В сопровожденье девяти нукеров разряженный сын кагана заявился. Ордзы хлебнувший с утра, смельчак Бури следом зашёл.
Волк силён в прыжке, мужчина крепок в слове. Когда шаманка Борхе-Гоа на мирное монгольское предложение ответом орусутскую дерзость привезла, одноглазый Сэбудей лишь языком цокнул. «После штурма Арпан, сокол, в юрте власти твоей столба-баганы* не повалить никому...» Исподволь подготовляемое джихангирство Бату-ханово со взятьем Арпан явным должно стать.
* Б а г а н а — опорный столб в юрте.
Когда пыхтеть, кряхтеть и хорхать закончили старики чербии, а запах пота в шатре крепче козлиной мочи сделался, в среднем круге поднялся, взяв слово, Сэбудей-богатур.
— О рождённый волею Неба и устремляющийся к судьбе аргамак! — хриплым, всё более усиливающимся зычно возвестил.
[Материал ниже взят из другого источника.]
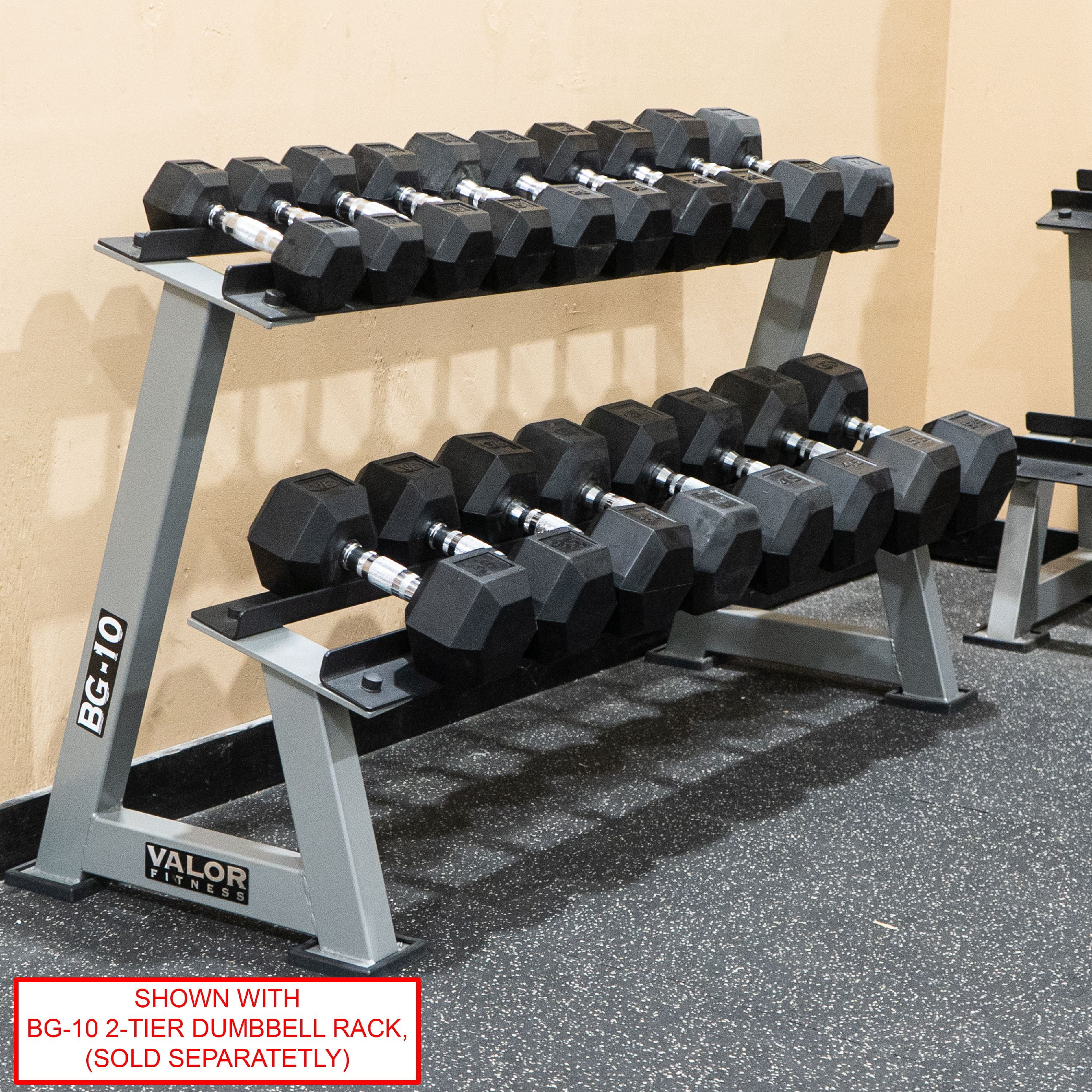 Valor Fitness 55Lb Rubber Hex Dumbbell-Finish:Black/Chrome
И, покуда не разобрались, к соколу Бату-хану это или к богу войны Сульдэ, на другое перевёл.
Кто забыл вероломство орусутов пред битвой на реке Калк?
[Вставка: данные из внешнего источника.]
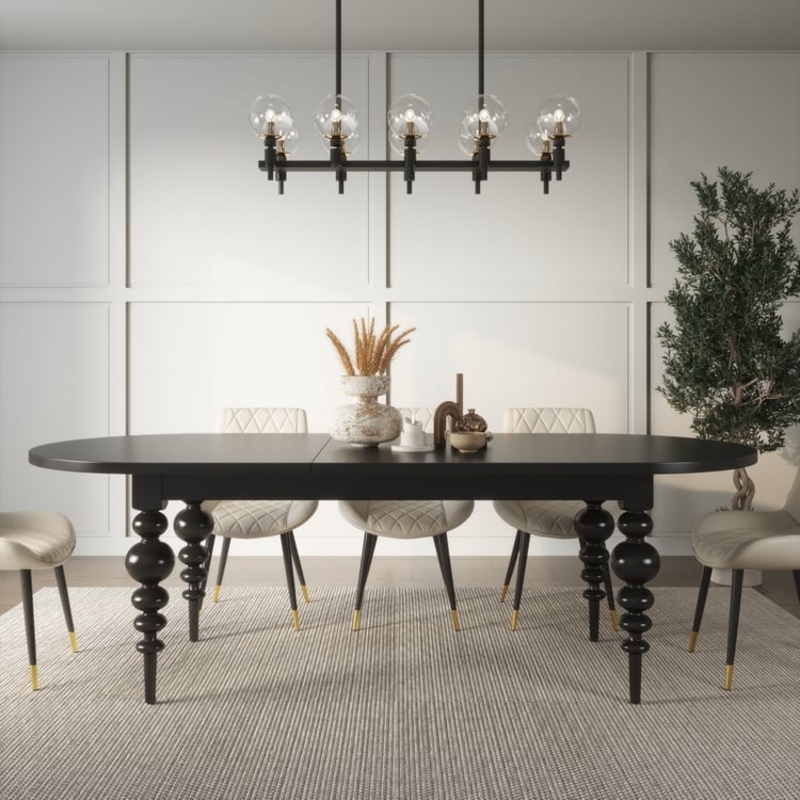 79″-94″ Mid-Century Oval Extendable Dining Table Black Seats 6-10 People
Кто утратил память о казнённом орусутами после Хаши-кулюке нашем?
«Покуда ногтей на пальцах не останется у вас, — завещал Хаши-кулюк, — покуда и пальцев на руках не останется, мстите и воздавайте за меня, братья!»
— Кровь замученного Хаши-кулюка взывает к вашей отваге, монголы! — вещим голосом негромко заключил Сэбудей.
В то утро, в незабвенный рассвет, когда, высвобождаясь из ночного тумана, словно окутанный родовыми ошмётками плод, земля поворачивала зазябший бок к зазвеневшему свежим золотом солнцу, когда зяблики, сойки и болотные камышовки, передразнивая друг дружку, чуивкали, треща и пилькая простые свои песни, и, рассыпав по тонко-смуглым плечам пропахшие костровым дымком волосы, Гулямулюк, Гулямулюк-херисче его предстала изумлённому взору братьев, лишь у Берке-хана глаза не выразили восхищения и братской чистосердечной радости. Выкажи он, Бату, проницательность в ту пору, стремление к истине, Мэрген Оточу не потребовалось бы весть добывать. Сайгачиха-девочка его Гульсун не...
— А не поторопилась ли залаять у нас собака? — раздался между тем в шатре знакомый захлёбывающийся клекоток. — Уж не на джихангирство ли примеряется баба брюхатая, что и от жилища-то не отходила дальше, чем по малой нужде?!
Высокий, жирный, трясущийся от бешенства Гуюк стоял в центре кругов и жестом повелевал Сэбудею сесть.